Un plan d’action sur 5 ans élaboré

Afin de réduire la dépendance sur le seul centre d’enfouissement que compte le pays et promouvoir une économie circulaire durable, le Ministère de l’Environnement a commandité une étude pour le développement d’une stratégie et d’un plan d’action dans le cadre de la gestion des déchets. Une étude menée par le consultant Ecorem/Luxconsult Ltd et financée par l’Agence française de développement (AFD). Un plan d’action sur cinq ans a ainsi été élaboré, dont les stratégies reposent sur les cinq axes suivants : Primo, la minimisation de l’impact des déchets en réduisant la quantité produits. Secundo, la récupération des ressources qui peuvent être réutilisées. Tertio, la transformation des déchets en énergie. Quarto, l’optimisation de la décharge de Mare Chicose tout en convoitant la possibilité de trouver de nouvelles infrastructures. Et quinto, à travers des campagnes d’information, d’éducation et de communication.

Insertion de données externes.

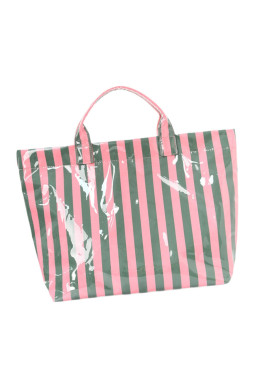 Blackish Green Glossy Striped Vinyl Large Tote Bag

 Traitement de déchets à Riche-Terre : EIA/PER Monitoring Committee examine le dossier 

Les habitants et députés de Riche-terre ne veulent pas d’un incinérateur. Leurs colères sont dirigées vers la firme Veolia. Toutefois, le dernier mot reviendra au comité EIA/PER du ministère de l’Environnement. 
Le suspense est maintenu. Veolia sera fixé sur son sort lorsque l’EIA/PER Monitoring Committee du ministère de l’Environnement aura donné son avis. La compagnie est suspendue à la décision du comité. Toutefois, l’exécutif parlementaire s’est déjà prononcé sur le sujet. Or, c’est le comité qui va statuer sur le contentieux sauf si le gouvernement fait valoir son droit d’émettre des nouveaux règlements sur les incinérateurs, explique une source du ministère de l’Environnement. 

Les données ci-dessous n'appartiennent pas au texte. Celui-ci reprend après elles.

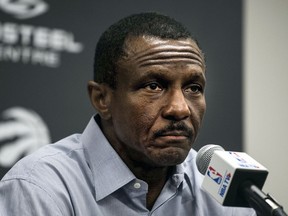 In this Wednesday, May 9, 2018 photo, Toronto Raptors head coach Dwane Casey speaks to media during  an end-of-season NBA basketball media availability in Toronto,. The Raptors have fired Casey on Friday, May 11, 2018, after the team was swept in the playoffs by the Cleveland Cavaliers for second straight season.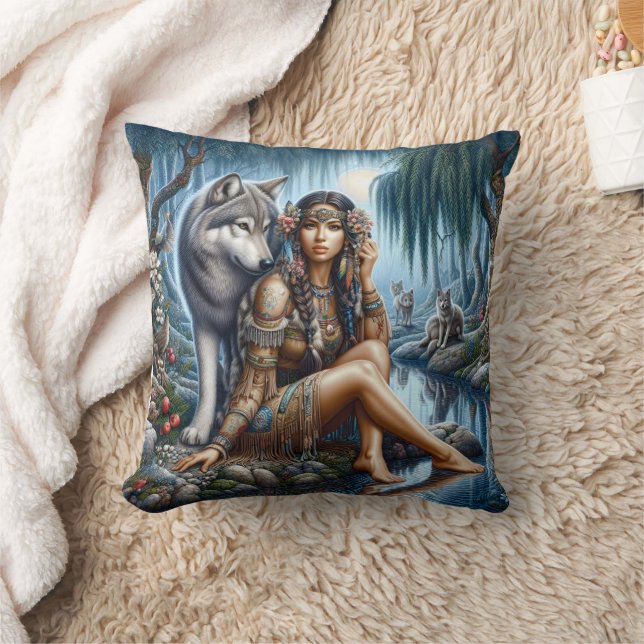 Native American Woman Sitting By River With Wolf Throw Pillow (Blanket)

Le dossier Environmental Impact Assessment de la compagnie est devant le comité depuis une semaine. La source du ministère nous explique que malgré le désaccord exprimé par des parlementaires, le comité fonctionne en toute indépendance. La source nous fait comprendre que la compagnie a effectué une demande selon les procédures et que le dossier sera traité de façon "légale et sans préjugé"".  

Traitement d’hydrocarbure

Le 30 juin dernier, le ministre du Travail Soodesh Callichurn et le Parliamentary Private Secretary, Sharvanand Ramkaun ont manifesté à Riche-Terre contre le projet d’incinérateur. Le même jour, le Défi Media Group devait obtenir, d’un des proches du Bureau du Premier ministre, que Pravind Jugnauth serait contre le projet. Il avait, même, évoqué un « pull-out order » contre le promoteur. 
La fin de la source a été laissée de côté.